About Google Classroom
The LMS that ships with Google Workspace for Education and reaches more than 150 million teachers and students.
Google Classroom launched on 12 August 2014 as part of what was then Google Apps for Education and is now Google Workspace for Education. The product was built around the workflow Drive, Docs and Gmail already covered in classrooms: assign work, collect submissions, give feedback, return grades. Today Google reports that more than 150 million teachers and students use Classroom and Assignments globally, across K-12, higher education and a growing slice of corporate training programs that run on Workspace.

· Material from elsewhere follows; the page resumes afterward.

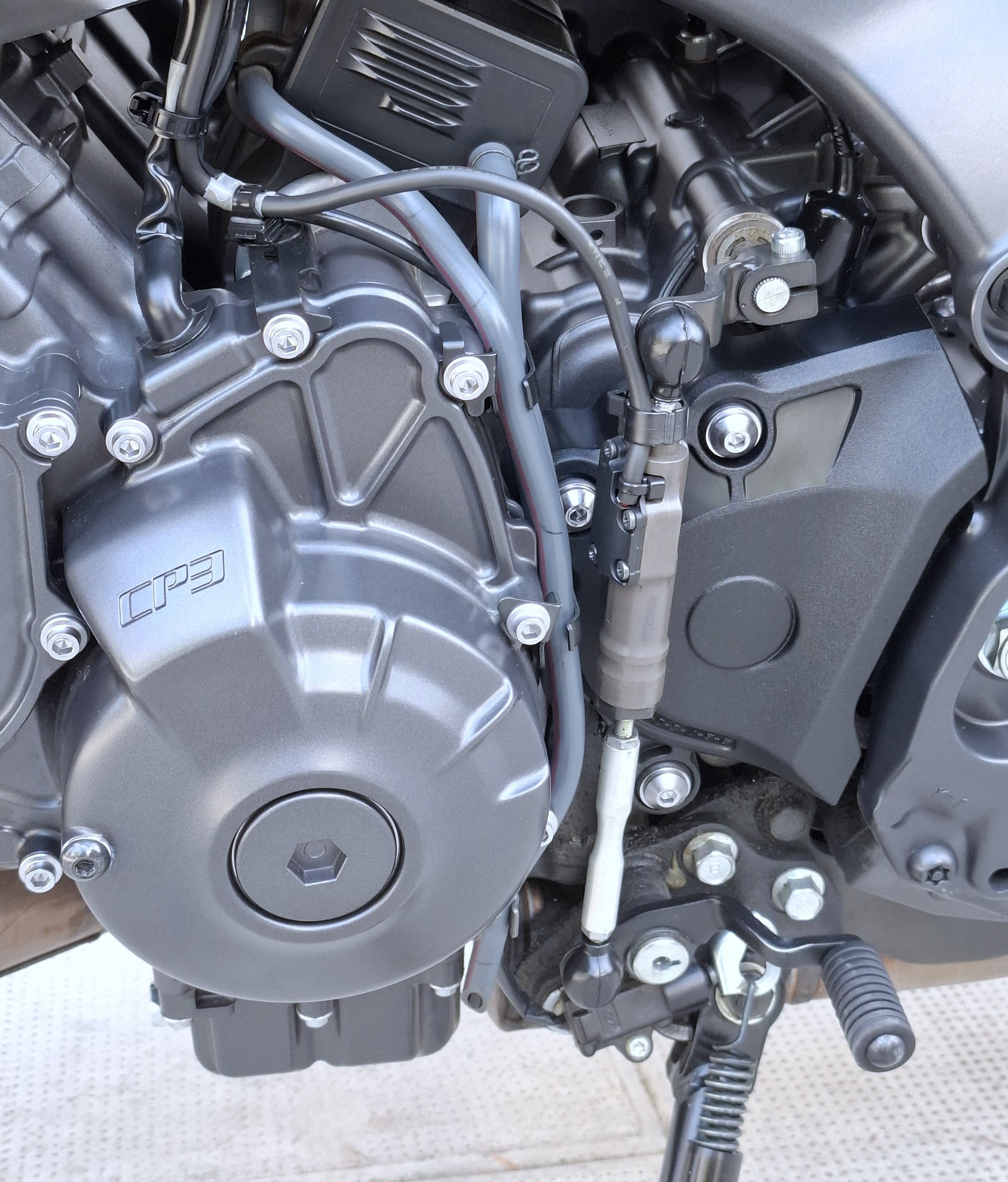 YAMAHA MT-09-image-6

The functional scope sits where most schools and training departments expect an LMS to sit: courses with rosters of students and teachers, coursework (assignments, questions, quizzes), student submissions with grades and rubrics, course materials, announcements, topics for organising the stream, and guardian links for K-12 parent communication. Workspace for Education comes in four editions, with Fundamentals free for qualifying institutions and Standard, Teaching and Learning Upgrade and Education Plus adding originality reports, advanced reporting, security tooling and the Gemini for Education add-on. The REST Classroom API exposes all of this through resources for Courses, CourseWork, StudentSubmissions, Students, Teachers, Topics, Announcements, CourseWorkMaterials, Invitations, UserProfiles, Guardians and Registrations, which is what makes a warehouse copy realistic in the first place. Pulled into a warehouse next to Workspace Directory, the HRIS and the SIS, Classroom data answers questions a teacher dashboard alone cannot: completion per course, cohort and site, grading turnaround per teacher, and assignment-level patterns that show which content consistently slows learners down.